Despair and hardships are not only caused by unemployment but also by the unbearable loss of loved ones, the mounting emotional trauma faced by healthcare workers — who now witness death on what seems to be an hourly basis — and the other human tragedies brought about by this pandemic. So even if people were ready to lay down their lives for the sake of America, like Patrick claimed, would it be the right decision? Would their loved ones let them? A singular death can wound a family beyond repair, shatter an entire community or even move a country to action; statistics and percentages can in no way take into account the value of a life.

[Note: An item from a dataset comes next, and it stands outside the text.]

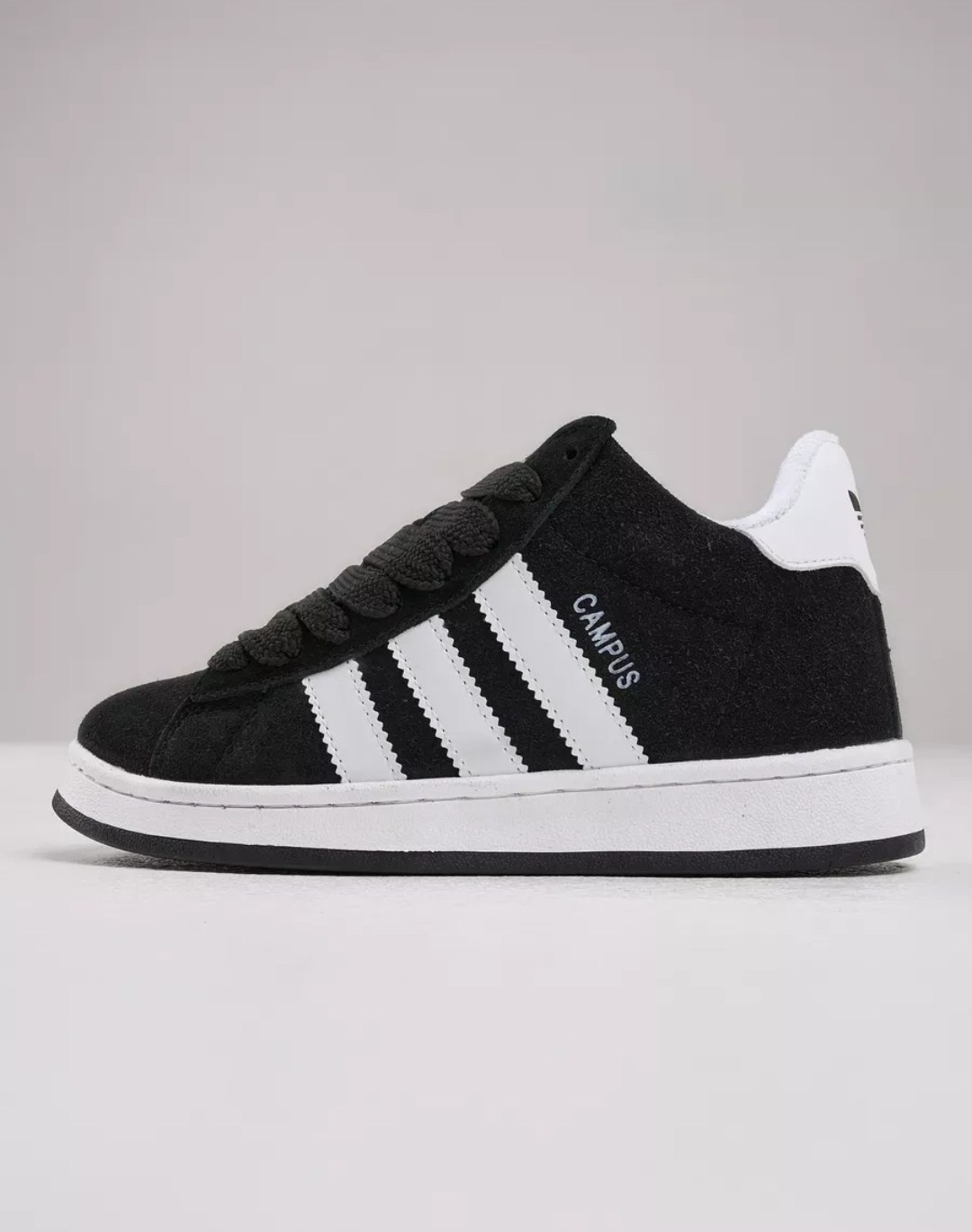 серо-черные кроссовки campus 00-х adidas originals,низкие замшевые кроссовки campus 00s с фирменными полосками adidas, черный,кроссовки adidas campus 00s 'charcoal black',кроссовки adidas campus,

Besides, the situation may not be as all-or-nothing as some have suggested. When it comes down to saving lives and having a working, secure economy, “you can do both,” assured New York Governor Andrew Cuomo, just “not in a clumsy, ham-handed way” that involves sacrificing vulnerable Americans.

There is a similar consensus among leaders, especially state governors, on both sides of the aisle. “We are going to get our economy back, but we have to get through it, protect as many lives as we can, and then move forward,” tweeted Mike DeWine, Ohio’s Republican Governor.

It’s true that Americans are going to restart the economy; even the most pessimistic projections show that the aftermath of the coronavirus recession will likely not surpass the lows of the Great Depression. Unlike before, the economy pre-coronavirus was stable before it suddenly and forcibly came to a stop, suggesting that consumer demand will once again be up and running after the overwhelming threat of COVID-19 passes. People will start traveling, shopping, going to restaurants and restimulating the economy, even if they’re still wearing masks.

Immediately or not, the economy can be resurrected. The same cannot be said about the thousands left dead.

“My mother is not expendable, and your mother is not expendable and our brothers and sisters are not expendable,” Cuomo asserted. “We’re not going to accept the premise that human life is disposable, and we’re not gonna put a dollar figure on human life.”